Equally so, the Elgin Marbles (centre right). This priceless collection of architectural sculpture was acquired by Lord Elgin from the Parthenon in Athens around 1800 when the country was under Turkish occupation. Elgin sold them to the British government in 1816 and since then they have been on display at the British Museum in London. The Greeks argue they were taken illegally during the country’s Turkish occupation and should be returned. Contemporary British politicians are divided over this, with some firmly holding the status quo whilst others have vowed to return the Marbles to their ‘rightful owners’. The Great Colonnade of the main avenue of Apamea in Syria (bottom right), one of the world’s largest and best preserved Roman and Byzantine sites, has seen looting since 2009 on a systematic and industrial scale. Recent satellite images show the area scarred by more than 5,000 looting pits. The looting is attributed to all sides in the civil war and the treasure is sold off on a booming black market.

Perhaps the most problematic recent repercussions over looting have been about restitution cases of works of art acquired by the Nazis from Jewish owners. ‘Berlin Street Scene’ 1913 (centre) by Ernst Ludwig Kirchner was owned by the German-Jewish Hess family of Erfurt who remain the main loan owners of the current Leicester German Expressionism collection. Alfred Hess died in 1931. His family, when fleeing from the Nazis in 1933, sent parts of the collection to Switzerland. In 1936 seven paintings were sent back to Cologne for sale. The Kirchner was bought by a Frankfurt collector whose widow later gifted it to a former museum director. In 1980, the Brücke Museum in Berlin acquired the painting for $1.2 million. Anita Halpin, the granddaughter of Alfred Hess, petitioned for its return to the family as its rightful owners and started proceedings. The fundamental issue was, did the Hess family freely sell the painting or was the sale coerced? This lengthy and complex case resulted in the painting being returned. It was then sold at Christies in New York for $38.1 million to New York’s Neue Galerie, where it remains on display.

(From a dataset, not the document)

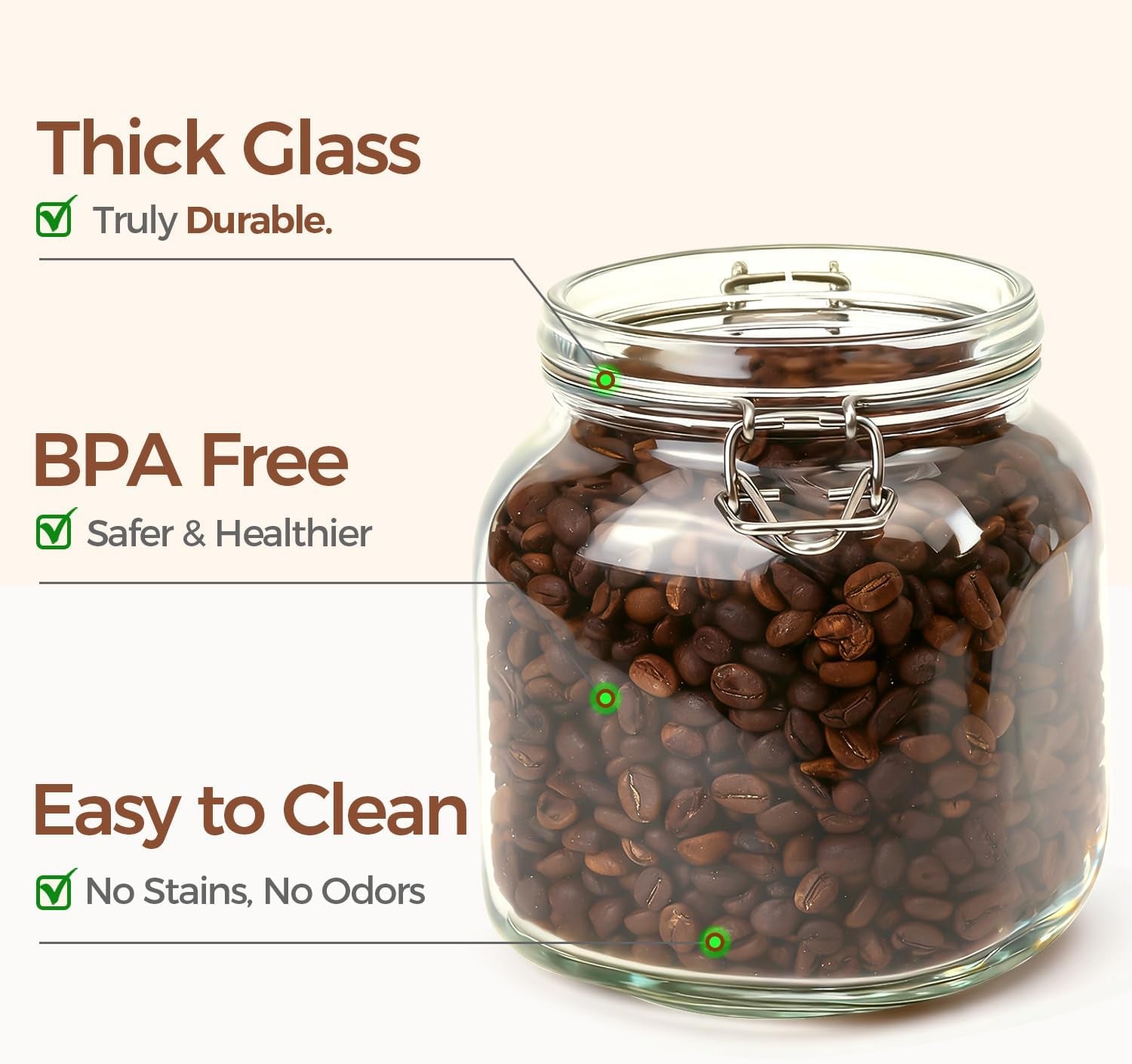 Airtight Glass Canister Set of 3 with Lids 34Oz Food Storage Jar Square - Storage Container with Clear Preserving Seal Wire Clip Fastening for Kitchen Canning Cereal,Pasta,Sugar,Beans,Spice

This restitution case and the sale caused ongoing and often furious debate in Germany. Recent changes mean that German museums must prove that works of art they acquired from 1933-45 were not bought under duress arising from Nazi persecution. This includes items sold by Jews in an effort to support themselves in Nazi Germany. Such documentation can be extremely hard to produce and ultimately as stated by the then German minister of culture on the return of the Kirchner to the Hess family, ‘moral considerations played a significant role in the decision’.

3A Text

On January 17, 1988, a group of human rights activists were arrested in East Berlin during the annual memorial march (top right) in honour of Rosa Luxemburg and Karl Liebknecht, who were murdered by right-wing street fighters in January 1919. Luxemburg and Liebknecht were socialists who formed the Spartacus League, a revolutionary and anti-war group in Berlin, in 1914. This led up to the November Revolution of 1918 and the abdication of the Kaiser. The artist George Grosz made an ink and wash drawing ‘In the memory of Luxemburg and Liebknecht’ (bottom left), which commented on the brutality of their killing, with the ghost of justice draping a blood-spattered robe across their open coffins. My father Harry Petzal remembered seeing shooting during the November Revolution, at the age of 10, in the Tiergarten Park close to his home.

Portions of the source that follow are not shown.